Turkish Coat for Venetian Dress
Portrait of a Lady, 1555, Titian, National Gallery of Art Washington DC
Click on image to go to documentation.
Commenced 01 July 2004
I have long wanted to make this coat. It transcends the east meets west of Venice. I had intended to make it for our elevation to kingdom but was too busy sewing for others at the time to make it then. I planed on wearing it with my shell dress for that event, but truly it will go with many objects from my wardrobe.
It should be noted that there are NO images of Venetian women wearing a Turkish coat over a Venetian gown in every day dress that I know of. All the Venetian images with a Turkish coat are depicted as either as Turkish dress on a Venetian woman, or in a less formal setting, or allegorical, or as a costume for Carnivale. The practice of wearing a Turkish coat with the European dress may never have occurred. As my time machine is currently out of service, we will never truly know. I do not find it a huge leap to make that this could have happened, but I can not substantiate it.
"Festa in Maschera", 1595, found on page 603 of "Il Rinascimento a Venezia : e la pittura del Nord ai tempi di Bellini, Durer, Tiziano" Courtesy of Jennifer Thompson
The materials I have chosen for this coat are a silk duchess satin in black for the outer, and a silk habutai in burgundy for the lining. The duchess satin I bought some years ago in Brisbane when I went to visit my father before he died, so this has a sentimental value for me, additionally it was on a huge special at $6 per metre Aust. The lining was purchased at full price from memory, also some years back with another project in mind. Things change. The embellishments were also purchased some years back for no specific purpose at the time but I knew that some thing would present itself when the time was right. Fresh water pearls and garments will also form part of the embellishment.
Pallets for embellishment
This pattern is remarkably simple and cloth efficient. 4.5 metres of 112cm wide fabric is all that is required for me, this includes the 'scraps' used for the bias for hemming. I'm 168cm (5'6) so more or less for some one taller or shorter. There are only 5 pattern pieces to this garment. The central piece that is cut on the fold of the fabric a the centre front and back so that there is no shoulder seam. The side gores x 6. A neck facing, armhole facing and front opening facing that adjoins the neck facing.
|View of the cut lining and the outer fabric. Gore, neck facing and arm facing patterns on the black satin.||The black duchess silk satin outer cut and laid out with the side gores shown where they will attach.|
02 July 2004
At the moment the outer and the lining are sewn together yet still separate. As I suspect the lining at least will drop I am going to allow it a week to drop while it sits on my mannequin.

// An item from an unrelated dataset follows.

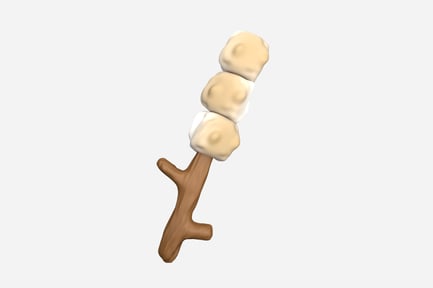 Preview: Marshmallow on Stick 3D Illustration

|Turkish Coat hanging on mannequin front view, in my over crowded sewing room.||Turkish Coat hanging on mannequin side view, in my over crowded sewing room..|
05 July 2004
The side seams the sewn together, the seams pressed flat, then the outer and the lining were pined together at all the openings.

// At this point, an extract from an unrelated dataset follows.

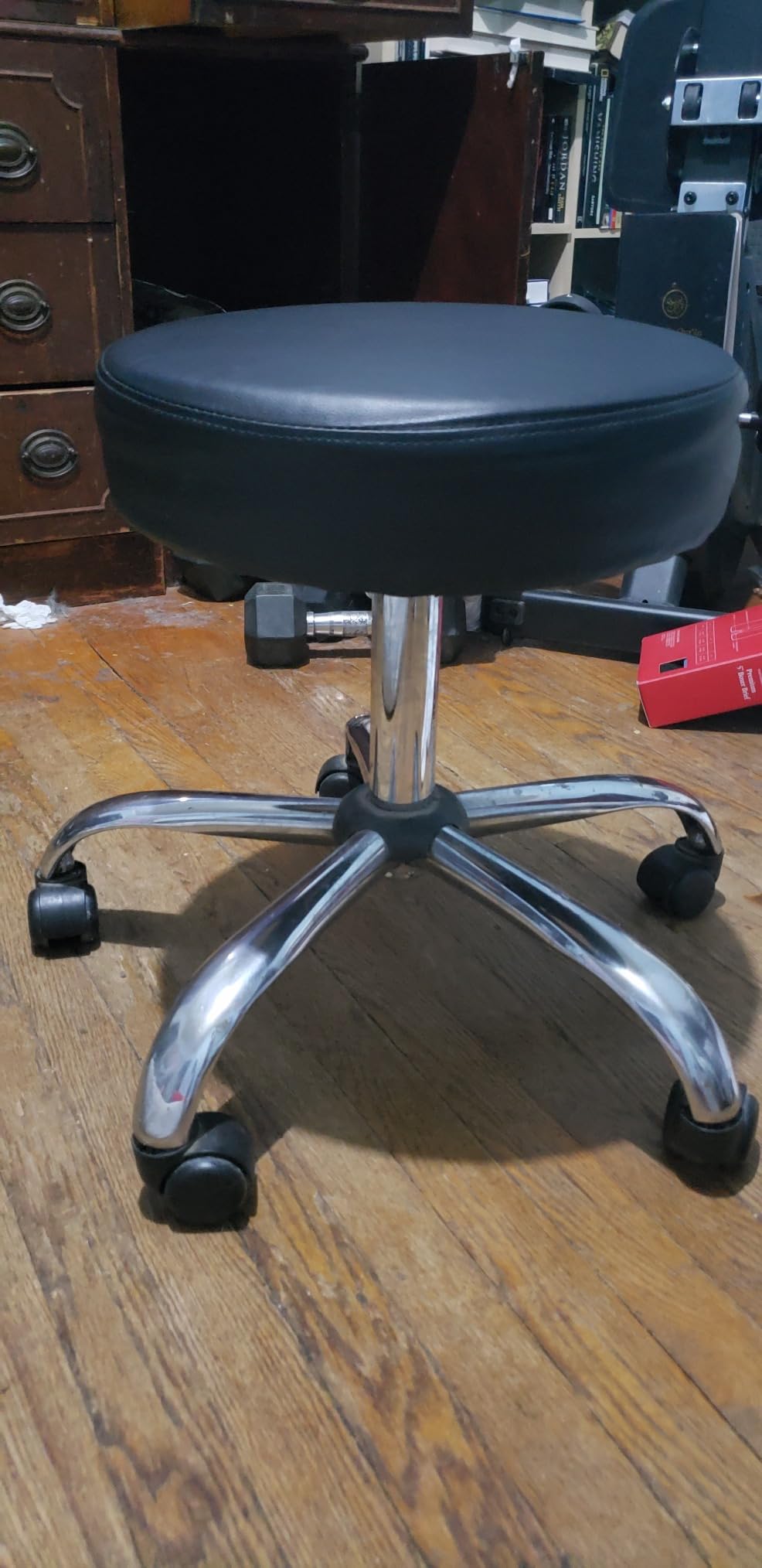 Boss Office Products Antimicrobial Vinyl Medical Spa Stool in Black customer photo 1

|Side seams pinned together
|After the seam have been sewn and ironed flat. Then the lining and the outer have been pinned together at all of the openings except for the hem.||These pieces were cut exactly the same size. The lining of silk habutai has dropped significantly in only 3 days. The silk duchess satin appears unchanged. The drops are mostly on the bias cut edges.|
06 July 2004
Working out the facings. As I am trying to keep with in the 4 metre limit I am attempting to get all of the facings out of the left over fabric. To this end I am now faced with the option of having to adjust the hem of the coat so that I know exactly how much I need to cut for the long facing for the front opening. I had wanted to avoid this for a little longer to allow the lining to drop. But as I want to get into the hand sewing tomorrow I need to do it now.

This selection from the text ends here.